*** Records for the task Section Begins ***

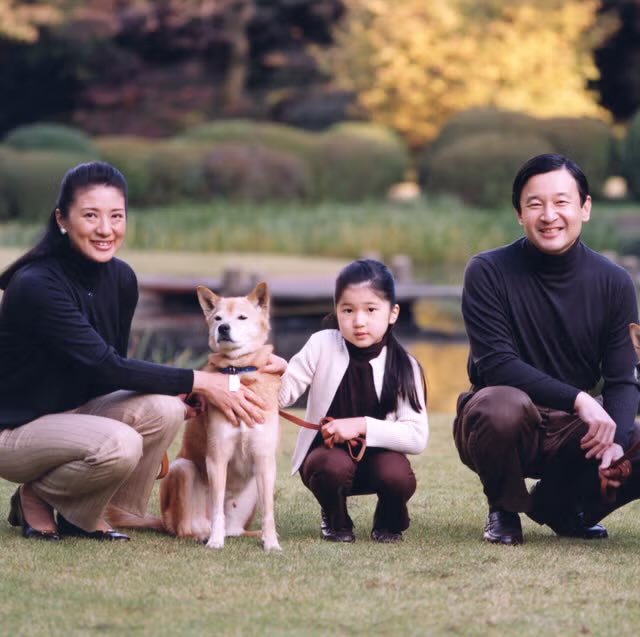 ゆきんこ (@yuki9274) / Posts / X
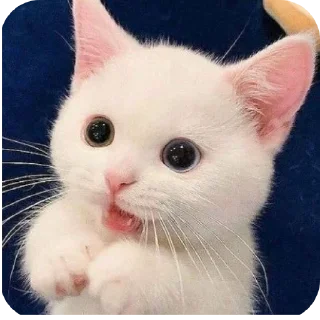 🐱 emoji Cats @telugustickerss Telegram sticker 8 of 21
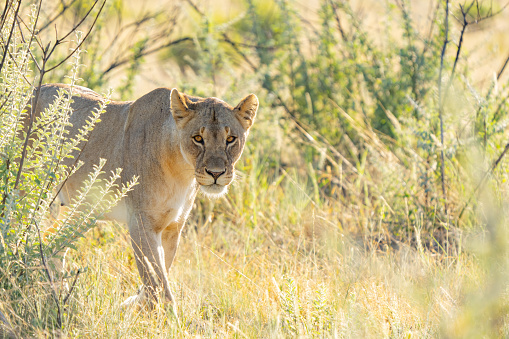 Young Lion on the Serengeti plains at dawn with beautiful light and setting – Tanzania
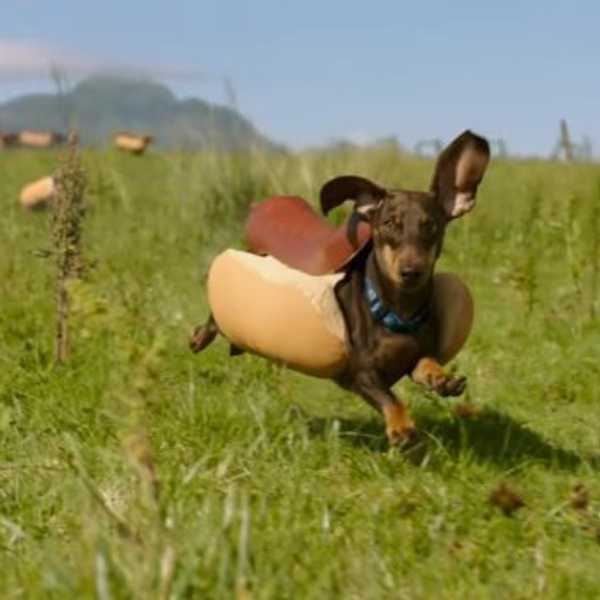 The Good, The Bad And The Ugly: Super Bowl 50 Commercials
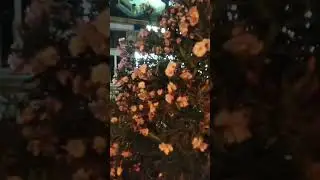 9.06.2024. Сочи. Цветущие кусты олеандра/ Sochi. Flowering oleander bushes #flowers #sochi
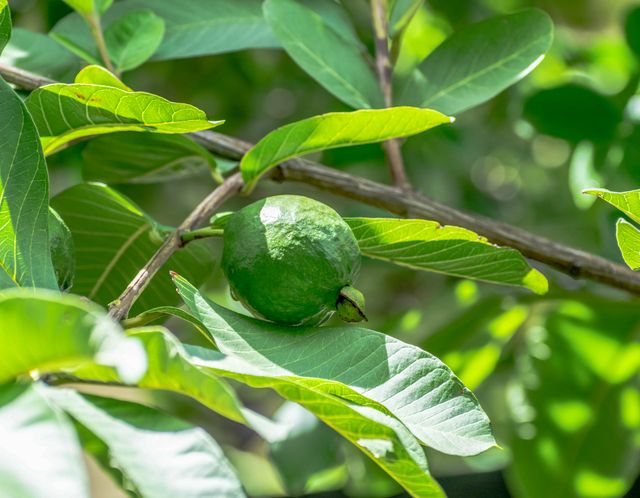 Goiaba crescendo em uma árvore entre folhas verdes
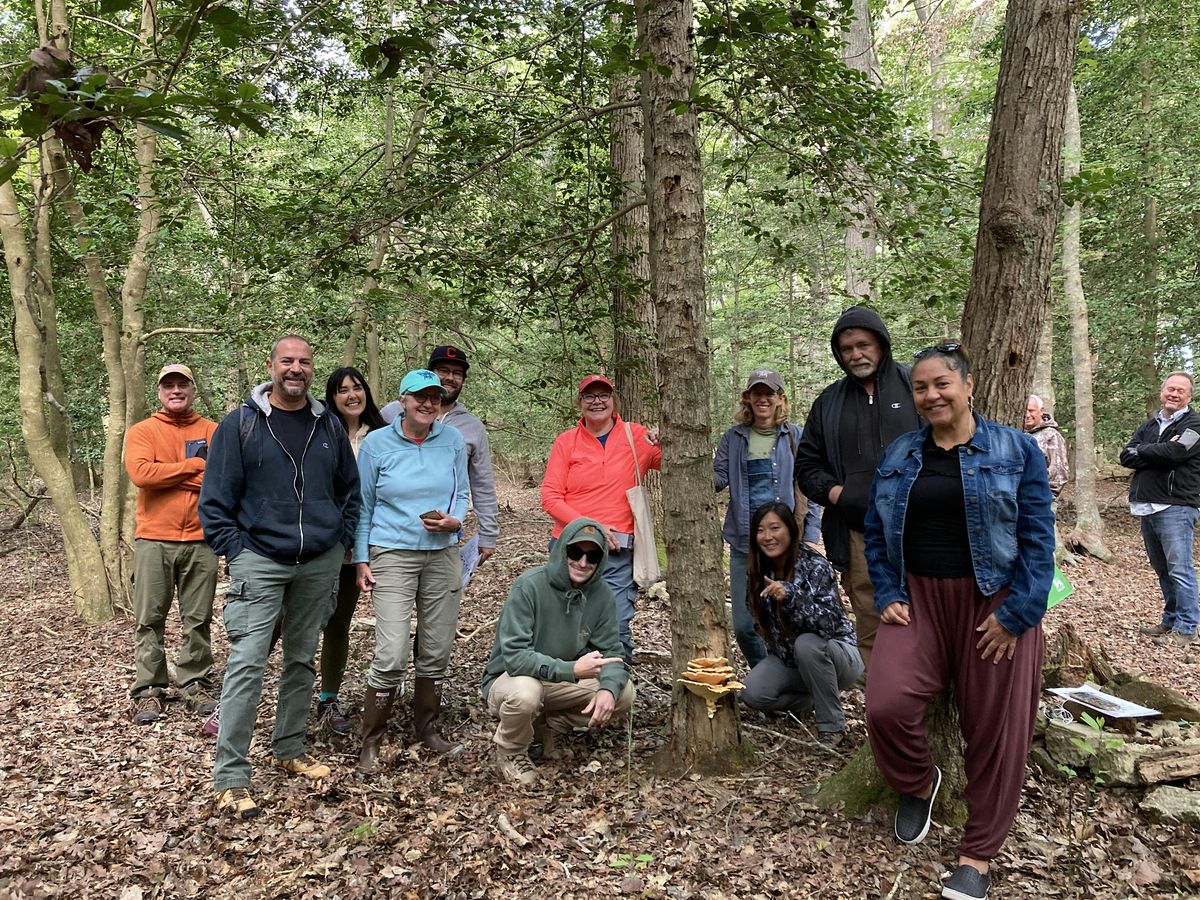 Mushroom 101 and Foraging Class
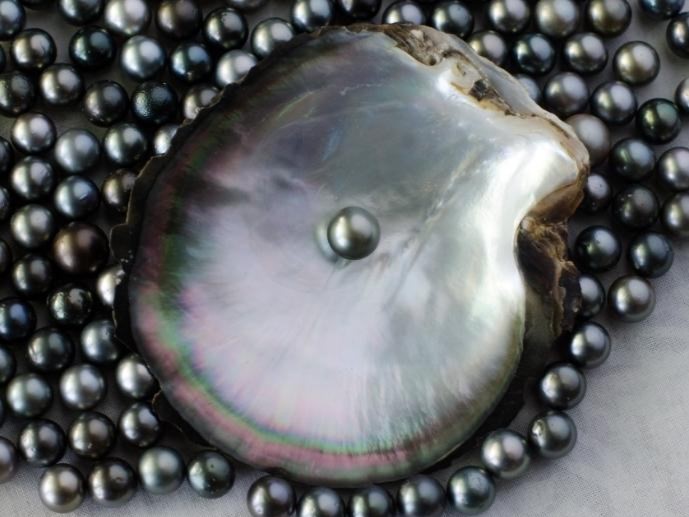 So sánh Tahiti với các loại ngọc trai khác
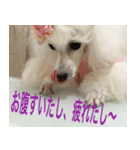 greeting from Pure Princess（個別スタンプ：1）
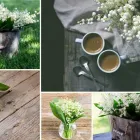 Entreprises 3 image DE VIER SEIZOENEN detailhandel in bloemen, planten, zaden en kunstmeststoffen in gespecialiseerde winkels dans Assebroek VWV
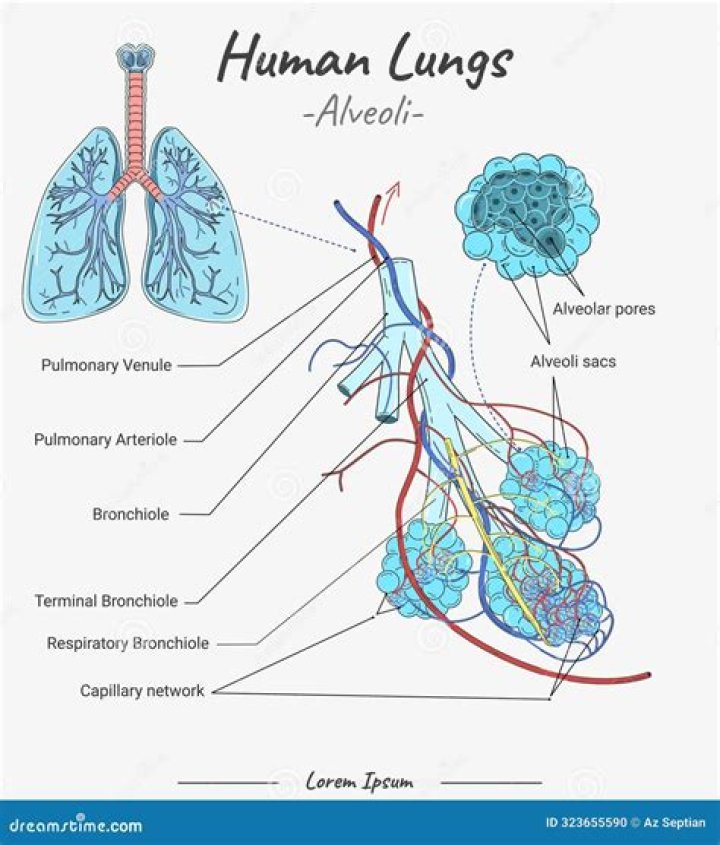 In human lungs are lodged in?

*** Records for the task Section Ends ***

### Required work
All the records need to be printed again exactly as written, though without their pictures.

### Task answer
 ゆきんこ (@yuki9274) / Posts / X
 🐱 emoji Cats @telugustickerss Telegram sticker 8 of 21
 Young Lion on the Serengeti plains at dawn with beautiful light and setting – Tanzania
 The Good, The Bad And The Ugly: Super Bowl 50 Commercials
 9.06.2024. Сочи. Цветущие кусты олеандра/ Sochi. Flowering oleander bushes #flowers #sochi
 Goiaba crescendo em uma árvore entre folhas verdes
 Mushroom 101 and Foraging Class
 So sánh Tahiti với các loại ngọc trai khác
 greeting from Pure Princess（個別スタンプ：1）
 Entreprises 3 image DE VIER SEIZOENEN detailhandel in bloemen, planten, zaden en kunstmeststoffen in gespecialiseerde winkels dans Assebroek VWV
 In human lungs are lodged in?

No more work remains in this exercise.